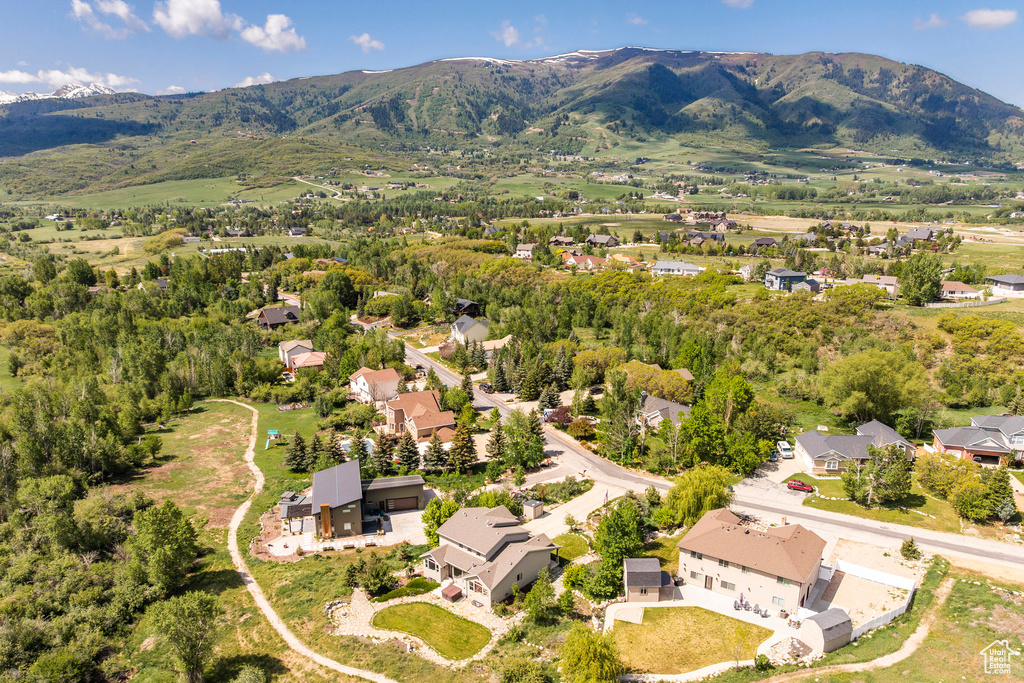 Aerial view of residential area featuring a mountainous background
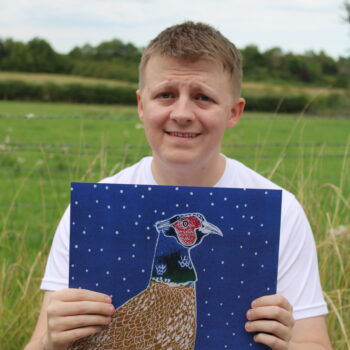 Liam holding his card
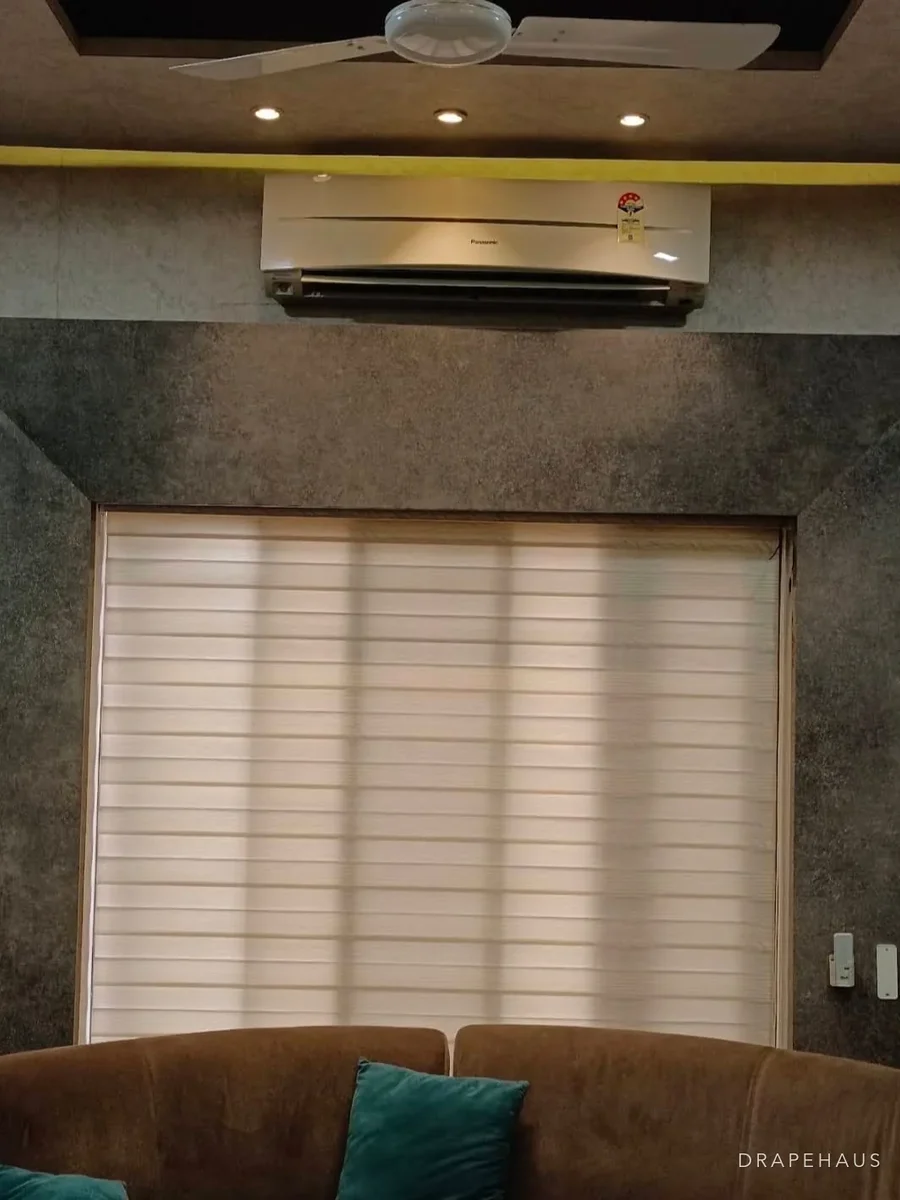 Living room of a Goan apartment with sliding balcony doors and sheer curtains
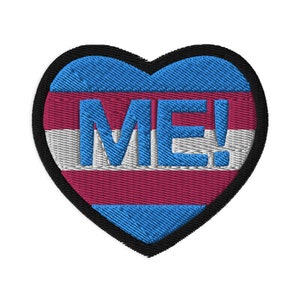 Pode incluir: Um remendo em forma de coração com um design de bandeira do orgulho transgénero. O remendo é azul, rosa e branco com a palavra "ME!" em letras azuis.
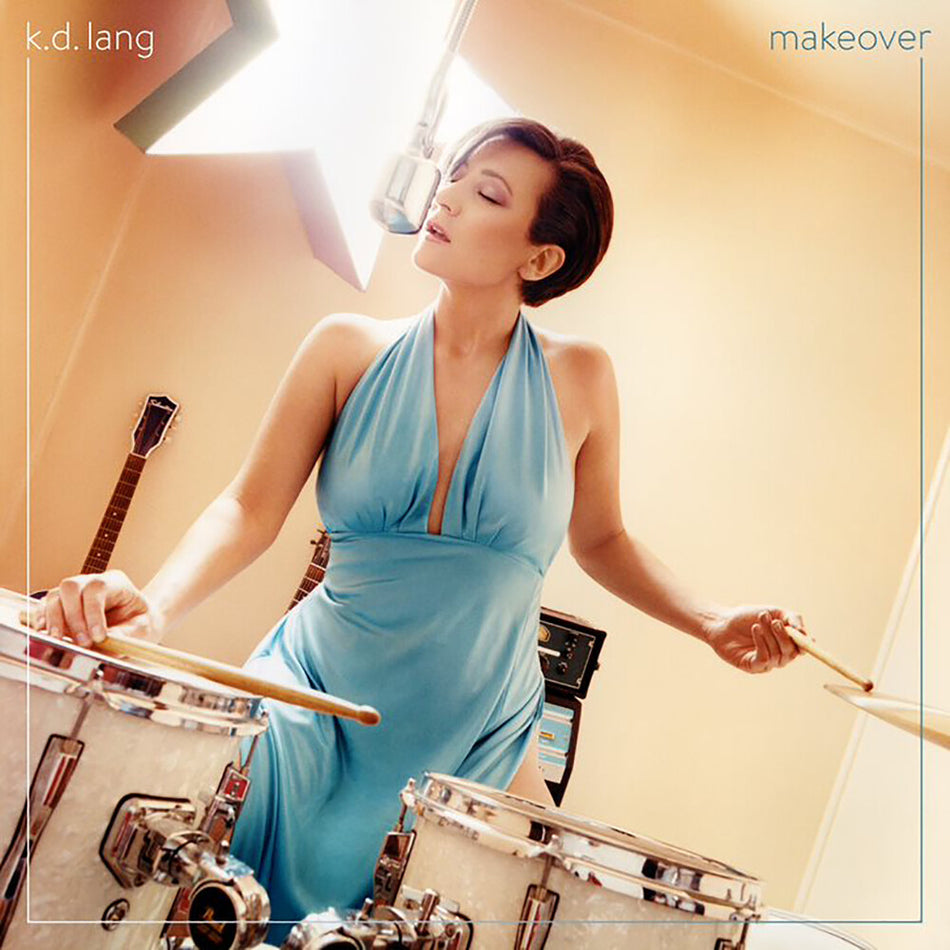 the album cover for k.d. lang - makeover [Transparent Turquoise LP]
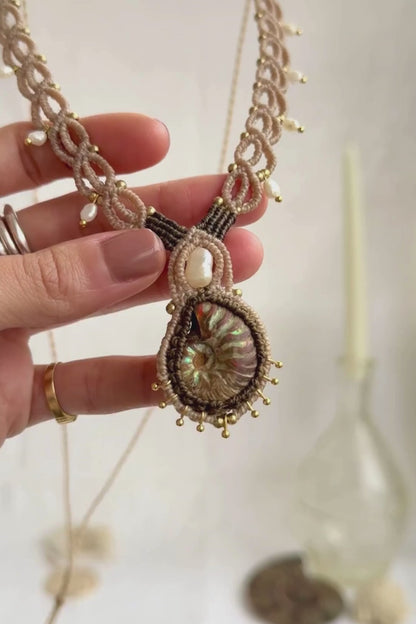 Iridescent ammonite fossil necklace showcasing natural color reflections and pearl details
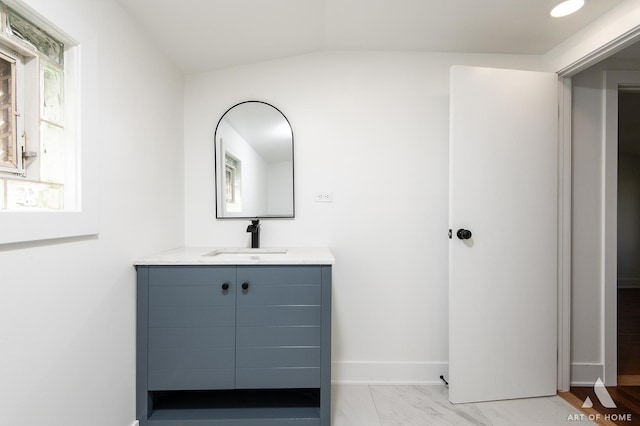 bathroom with baseboards, vanity, and vaulted ceiling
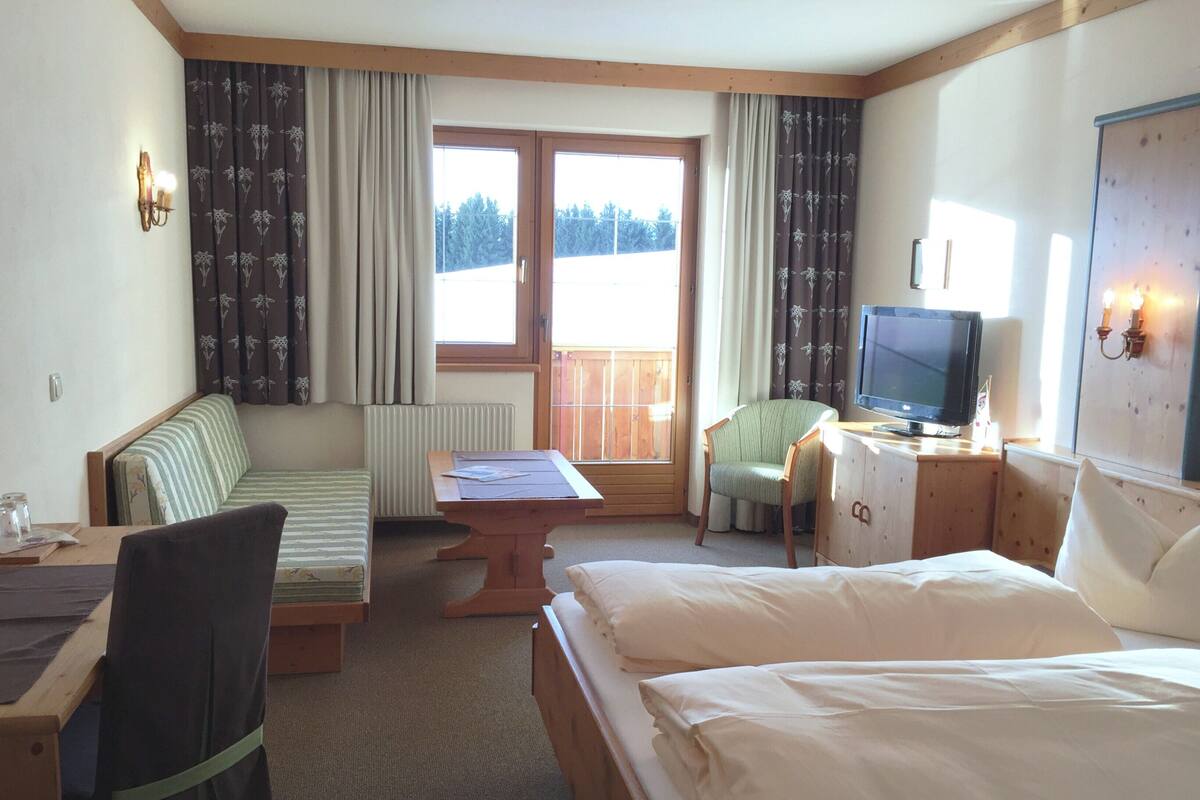 A hotel room with a bed, a desk with a chair, a television, a sofa, and a window with curtains.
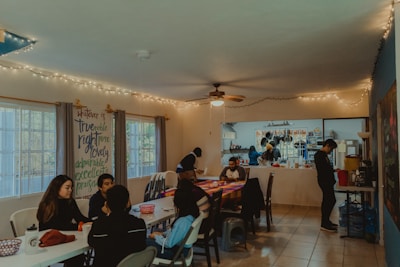 A cheerful dining room filled with guests enjoying their meals in a cozy environment.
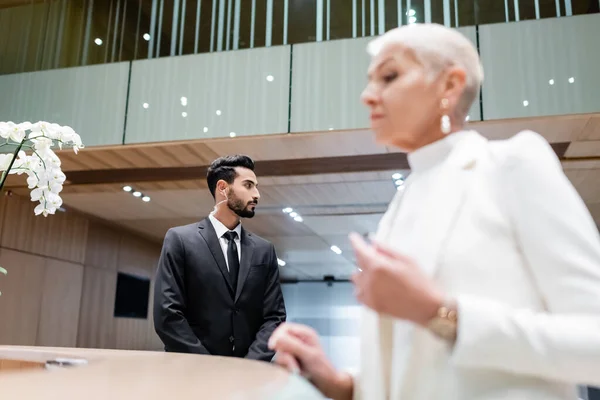 Двурасовый телохранитель смотрит в сторону, пока размытая деловая леди регистрируется на стойке регистрации отеля — стоковое фото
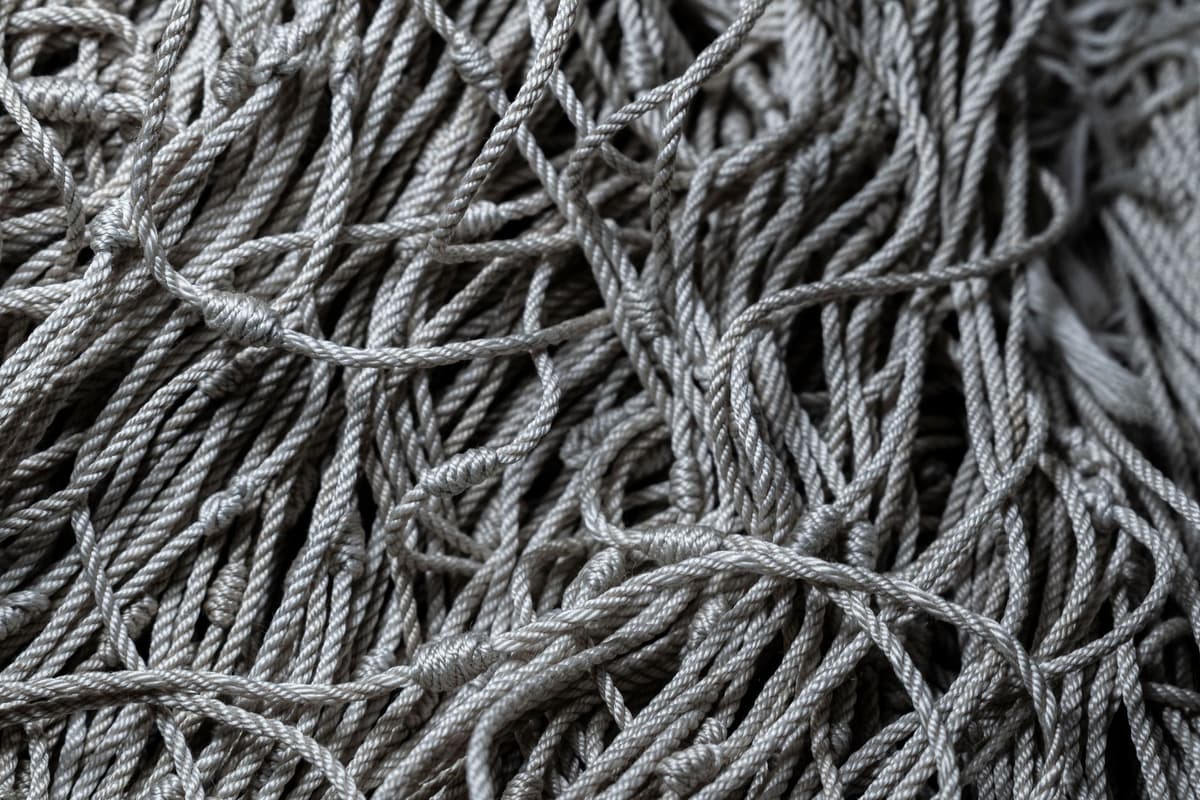 a tangled ball of red and blue yarn, symbolizing complex and interconnected systems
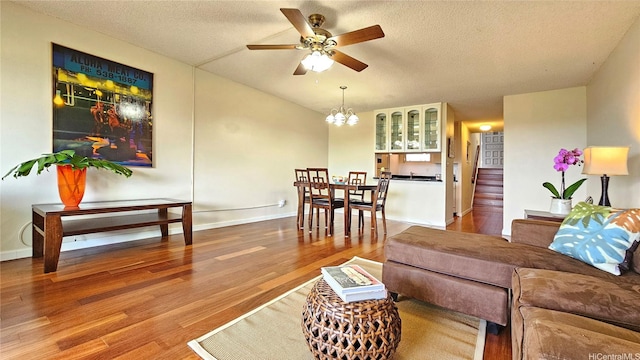 98-1451 Kaahumanu St Unit B218, Aiea, HI 96701 - living area with ceiling fan, a chandelier, wood finished floors, a textured ceiling, and vaulted ceiling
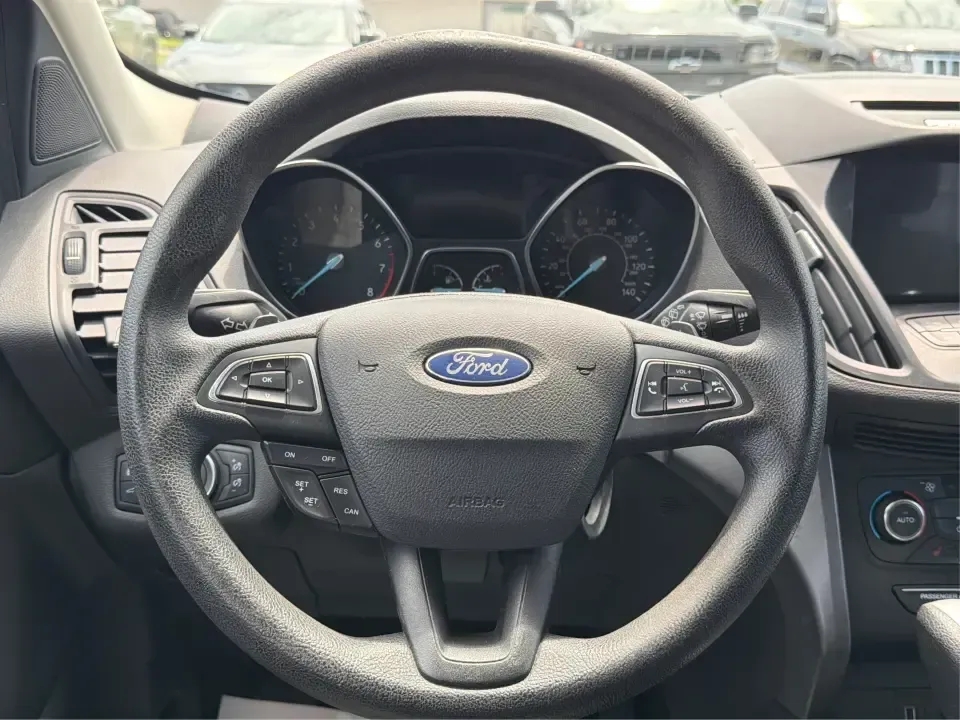 2017 Ford Escape SE (1FMCU0GD1HU) with an 1.5L L4 DOHC 16V engine, 6A transmission, located at 880 E. National Road, Vandalia, OH, 45377, (937) 908-9800, 39.891918, -84.183594 - Need a compact SUV that can handle the weekday commute on I75, school drop-offs around Troy, and spontaneous weekend getaways to Charleston Falls Preserve or a quick stroll through the Troy Strawberry Festival? This 2017 Ford Escape SE in Shadow Black is a practical, easy-to-live-with choice for bus- Photo#16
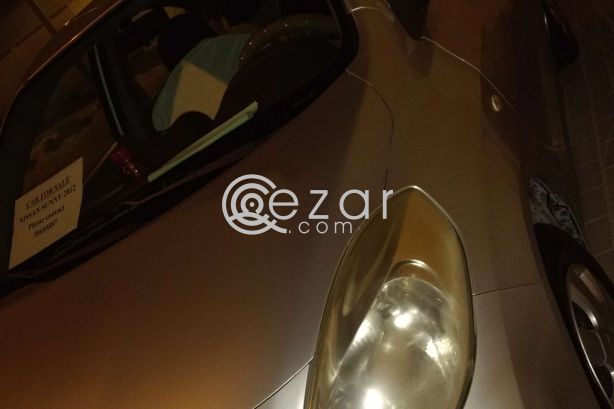 Nissan sunny 2012 (silver) photo 3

###

Prompt
The entries must be written out again unchanged. Images are to be left out.

Output of the exercise
 Aerial view of residential area featuring a mountainous background
 Liam holding his card
 Living room of a Goan apartment with sliding balcony doors and sheer curtains
 Pode incluir: Um remendo em forma de coração com um design de bandeira do orgulho transgénero. O remendo é azul, rosa e branco com a palavra "ME!" em letras azuis.
 the album cover for k.d. lang - makeover [Transparent Turquoise LP]
 Iridescent ammonite fossil necklace showcasing natural color reflections and pearl details
 bathroom with baseboards, vanity, and vaulted ceiling
 A hotel room with a bed, a desk with a chair, a television, a sofa, and a window with curtains.
 A cheerful dining room filled with guests enjoying their meals in a cozy environment.
 Двурасовый телохранитель смотрит в сторону, пока размытая деловая леди регистрируется на стойке регистрации отеля — стоковое фото
 a tangled ball of red and blue yarn, symbolizing complex and interconnected systems
 98-1451 Kaahumanu St Unit B218, Aiea, HI 96701 - living area with ceiling fan, a chandelier, wood finished floors, a textured ceiling, and vaulted ceiling
 2017 Ford Escape SE (1FMCU0GD1HU) with an 1.5L L4 DOHC 16V engine, 6A transmission, located at 880 E. National Road, Vandalia, OH, 45377, (937) 908-9800, 39.891918, -84.183594 - Need a compact SUV that can handle the weekday commute on I75, school drop-offs around Troy, and spontaneous weekend getaways to Charleston Falls Preserve or a quick stroll through the Troy Strawberry Festival? This 2017 Ford Escape SE in Shadow Black is a practical, easy-to-live-with choice for bus- Photo#16
 Nissan sunny 2012 (silver) photo 3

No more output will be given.